J’étais un authentique réac’, un bon gros vieux con mal dégrossi de 14 piges

Moi qui me rêvais hippie, révolutionnaire et cool, j’étais bien loin de tout cela. Ca m’a choqué car il était associé à plein de vieux cons, et des gens avec lesquels j’estimais n’avoir aucun point commun. J’ai alors réalisé que j’étais un authentique jeune vieux con. Même dans la bouche de Gérard Miller (que je kiffais), j’étais un vieux con réac’, c’te tristesse. Quand je disais dans l’épisode précédent que j’avais fait les choses à l’envers ce n’est pas à moitié, j’aurais presque espoir de devenir jeune à un moment. Sauf qu’il y a peu de chance, comme je vais vous l’expliquer. Le principal trait associé à cet état était alors une tendance à répéter les équivalents langagiers du classique « moi, dans mon temps« , dans toutes ses variantes et ses attributs. Ce qui est assez spécial à 14 ans, j’en conviens.

Je tiens à signaler que là j’écoute Scissor Sisters – Night Work et que c’est bien viril (non) et pailleté comme j’aime. Ca faisait un moment que je ne m’étais pas fait l’album en entier. Sortez la boule à facettes. En même temps je suis fan de ABBA et de vieille disco, on se refait pas.
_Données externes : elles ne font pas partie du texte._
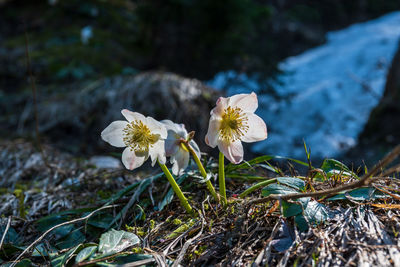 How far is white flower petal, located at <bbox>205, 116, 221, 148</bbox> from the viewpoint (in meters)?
0.97

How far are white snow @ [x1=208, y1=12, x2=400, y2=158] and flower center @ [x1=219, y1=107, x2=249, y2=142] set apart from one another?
310cm

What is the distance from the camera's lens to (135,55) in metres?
5.45

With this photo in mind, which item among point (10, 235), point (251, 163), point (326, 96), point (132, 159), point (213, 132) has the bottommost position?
point (326, 96)

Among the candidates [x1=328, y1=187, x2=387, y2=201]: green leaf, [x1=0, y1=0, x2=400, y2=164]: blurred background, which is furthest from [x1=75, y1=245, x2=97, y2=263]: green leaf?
[x1=0, y1=0, x2=400, y2=164]: blurred background

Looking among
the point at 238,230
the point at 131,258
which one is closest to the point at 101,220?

J’ai plus de souvenirs que si j’avais mille ans

C’est aussi passé par une découverte magistrale, celle du poème « J’ai plus de souvenirs que si j’avais mille ans » de Charles Baudelaire. Un classique. En plus, à la base je suis gothique, pas au sens golgoth enfariné mais en version ‘je fréquente des festivals’ et ‘pour me calmer et/ou me mettre de bonne humeur je préfère écouter du Hocico et Nitzer Ebb que Madonna’, pour aller vite. Ca peut mener au vieux con car on a tendance à vivre pas mal dans le passé, écouter des vieux groupes, lire de vieux mecs et ainsi de suite. Rien de mal en soi, et j’estime avoir une culture assez variée, finalement, avec un mélange de vieux machins et de jeunes machins, quel que soit le domaine, et c’est pas trop mal pour parler avec des gens d’un peu tous les âges. Et donc le poème, ça donne ça (je le mets en entier, pour les plus jeunes : le copyright est tombé, Charles il est mort y’a un paquet de temps) :

J’ai plus de souvenirs que si j’avais mille ans.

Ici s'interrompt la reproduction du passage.